Map management platform 162 can provide a set of tools for the manipulation and management of geographic and spatial (geospatial) and related attribute data. The data management platform 152 can receive LIDAR point cloud data, image data (e.g., still image, video, etc.), RADAR data, GPS data, and other sensor data (e.g., raw data) from one or more AVs 102, Unmanned Aerial Vehicles (UAVs), satellites, third-party mapping services, and other sources of geospatially referenced data. The raw data can be processed, and map management platform 162 can render base representations (e.g., tiles (2D), bounding volumes (3D), etc.) of the AV geospatial data to enable users to view, query, label, edit, and otherwise interact with the data. Map management platform 162 can manage workflows and tasks for operating on the AV geospatial data. Map management platform 162 can control access to the AV geospatial data, including granting or limiting access to the AV geospatial data based on user-based, role-based, group-based, task-based, and other attribute-based access control mechanisms. Map management platform 162 can provide version control for the AV geospatial data, such as to track specific changes that (human or machine) map editors have made to the data and to revert changes when necessary. Map management platform 162 can administer release management of the AV geospatial data, including distributing suitable iterations of the data to different users, computing devices, AVs, and other consumers of HD maps. Map management platform 162 can provide analytics regarding the AV geospatial data and related data, such as to generate insights relating to the throughput and quality of mapping tasks.

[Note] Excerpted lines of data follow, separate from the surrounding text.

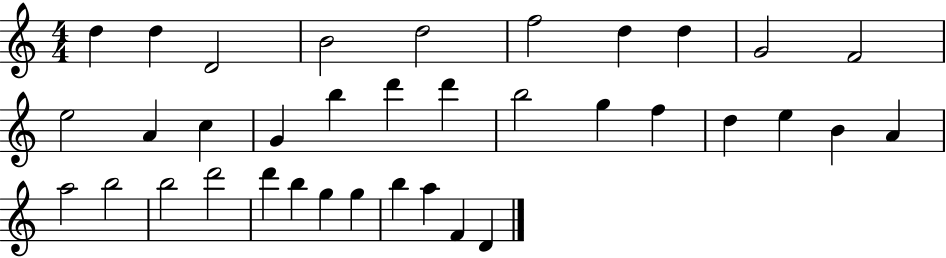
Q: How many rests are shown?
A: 0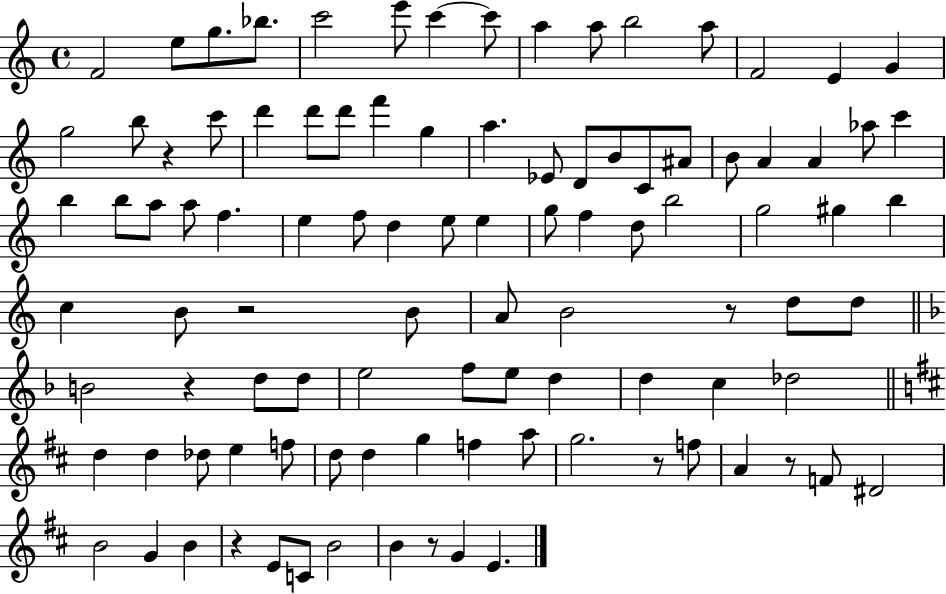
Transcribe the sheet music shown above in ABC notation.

X:1
T:Untitled
M:4/4
L:1/4
K:C
F2 e/2 g/2 _b/2 c'2 e'/2 c' c'/2 a a/2 b2 a/2 F2 E G g2 b/2 z c'/2 d' d'/2 d'/2 f' g a _E/2 D/2 B/2 C/2 ^A/2 B/2 A A _a/2 c' b b/2 a/2 a/2 f e f/2 d e/2 e g/2 f d/2 b2 g2 ^g b c B/2 z2 B/2 A/2 B2 z/2 d/2 d/2 B2 z d/2 d/2 e2 f/2 e/2 d d c _d2 d d _d/2 e f/2 d/2 d g f a/2 g2 z/2 f/2 A z/2 F/2 ^D2 B2 G B z E/2 C/2 B2 B z/2 G E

In some examples, the map viewing services of map management platform 162 can be modularized and deployed as part of one or more of the platforms and systems of the data center 150. For example, the AI/ML platform 154 may incorporate the map viewing services for visualizing the effectiveness of various object detection or object classification models, the simulation platform 156 may incorporate the map viewing services for recreating and visualizing certain driving scenarios, the remote assistance platform 158 may incorporate the map viewing services for replaying traffic incidents to facilitate and coordinate aid, the ride-hailing platform 160 may incorporate the map viewing services into the ride-hailing application 172 to enable passengers to view the AV 102 in transit en route to a pick-up or drop-off location, and so on.

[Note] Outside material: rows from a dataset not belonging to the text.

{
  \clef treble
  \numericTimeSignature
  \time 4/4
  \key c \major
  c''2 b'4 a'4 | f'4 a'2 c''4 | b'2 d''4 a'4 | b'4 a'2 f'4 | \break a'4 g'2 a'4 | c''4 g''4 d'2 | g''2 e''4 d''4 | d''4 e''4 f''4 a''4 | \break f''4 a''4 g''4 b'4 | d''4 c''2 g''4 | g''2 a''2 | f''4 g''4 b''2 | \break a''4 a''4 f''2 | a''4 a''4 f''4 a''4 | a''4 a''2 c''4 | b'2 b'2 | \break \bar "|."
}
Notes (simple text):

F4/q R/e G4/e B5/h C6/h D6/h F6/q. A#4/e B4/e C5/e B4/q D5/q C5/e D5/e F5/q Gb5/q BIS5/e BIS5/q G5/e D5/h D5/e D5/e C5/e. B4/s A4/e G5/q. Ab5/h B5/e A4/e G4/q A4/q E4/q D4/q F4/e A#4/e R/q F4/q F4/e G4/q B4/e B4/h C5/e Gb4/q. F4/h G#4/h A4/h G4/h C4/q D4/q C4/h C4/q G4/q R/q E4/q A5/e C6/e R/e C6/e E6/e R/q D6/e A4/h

While the autonomous vehicle 102, the local computing device 110, and the autonomous vehicle environment 100 are shown to include certain systems and components, one of ordinary skill will appreciate that the autonomous vehicle 102, the local computing device 110, and/or the autonomous vehicle environment 100 can include more or fewer systems and/or components than those shown in FIG. 1. For example, the autonomous vehicle 102 can include other services than those shown in FIG. 1 and the local computing device 110 can also include, in some instances, one or more memory devices (e.g., RAM, ROM, cache, and/or the like), one or more network interfaces (e.g., wired and/or wireless communications interfaces and the like), and/or other hardware or processing devices that are not shown in FIG. 1. An illustrative example of a computing device and hardware components that can be implemented with the local computing device 110 is described below with respect to FIG. 7.

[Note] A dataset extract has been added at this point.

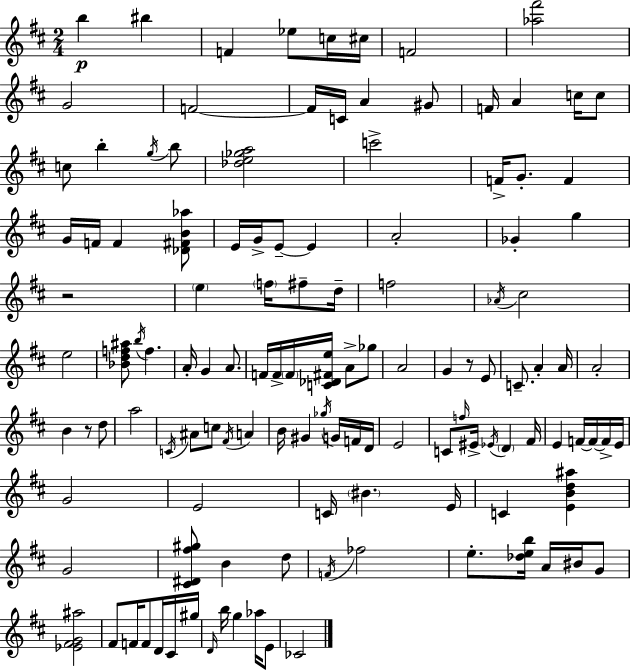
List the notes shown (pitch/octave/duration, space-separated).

B5/q BIS5/q F4/q Eb5/e C5/s C#5/s F4/h [Ab5,F#6]/h G4/h F4/h F4/s C4/s A4/q G#4/e F4/s A4/q C5/s C5/e C5/e B5/q G5/s B5/e [Db5,E5,Gb5,A5]/h C6/h F4/s G4/e. F4/q G4/s F4/s F4/q [Db4,F#4,B4,Ab5]/e E4/s G4/s E4/e E4/q A4/h Gb4/q G5/q R/h E5/q F5/s F#5/e D5/s F5/h Ab4/s C#5/h E5/h [Bb4,D5,F5,A#5]/e B5/s F5/q. A4/s G4/q A4/e. F4/s F4/s F4/s [C4,Db4,F#4,E5]/s A4/e Gb5/e A4/h G4/q R/e E4/e C4/e. A4/q A4/s A4/h B4/q R/e D5/e A5/h C4/s A#4/e C5/e F#4/s A4/q B4/s G#4/q Gb5/s G4/s F4/s D4/s E4/h C4/e F5/s EIS4/s Eb4/s D4/q F#4/s E4/q F4/s F4/s F4/s E4/s G4/h E4/h C4/s BIS4/q. E4/s C4/q [E4,B4,D5,A#5]/q G4/h [C#4,D#4,F#5,G#5]/e B4/q D5/e F4/s FES5/h E5/e. [Db5,E5,B5]/s A4/s BIS4/s G4/e [Eb4,F#4,G4,A#5]/h F#4/e F4/s F4/e D4/s C#4/s G#5/s D4/s B5/s G5/q Ab5/s E4/e CES4/h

FIG. 2 illustrates an example system environment 200 for an AV fleet management system 210. As shown, system environment 200 includes a fleet management system 210 that may be communicatively connected, over network 220, to a user device 230 (e.g., similar to client computing device 170 as illustrated in FIG. 1) and an AV fleet 202 that can include AV 102A, AV 102B, . . . , AV 102N. Although FIG. 2 illustrates a single fleet management system 210, a single AV fleet 202, a single network 220, and a single user device 230, the present disclosure can be implemented with any number of fleet management systems, AV fleets, and/or user devices. For example, the system environment 200 may include one or more fleet management systems 210, AV fleets 202, networks 220, and/or user devices 230.

In some examples, fleet management system 210 may send and receive various signals to and from one or more AVs 102A-102N in AV fleet 202 and/or user device 230 over network 220. Non-limiting examples of network 220 can include a public network (e.g., the Internet, an IaaS network, a PaaS network, a SaaS network, other CSP network etc.), a private network (e.g., a LAN, a private cloud, a VPN, etc.), a hybrid network (e.g., a multi-cloud or hybrid cloud network, etc.), or a combination of any of the above. In some cases, fleet management system 210 may be connected to one or more types of networks (e.g., network 220), which may be used differently when communicating with user device 230 or one or more AVs 102A-102N in AV fleet 202.

In some cases, each AV 102A-102N in AV fleet 202 can be equipped with various sensors (e.g., sensor systems 104-108 as illustrated in FIG. 1) that may capture sensor data, which may be transmitted to fleet management system 210 over network 220. For example, fleet management system 210 may receive sensor data from one or more AVs 102A-102N in AV fleet 202 that may be collected while the AV is navigating in a real-world driving environment. In some cases, the sensor data may be descriptive of an environment around the AV that can be used to determine or verify a location, orientation, position, and/or pose of the AV, road conditions, grades of the road, traffic conditions, temperature, weather conditions, etc.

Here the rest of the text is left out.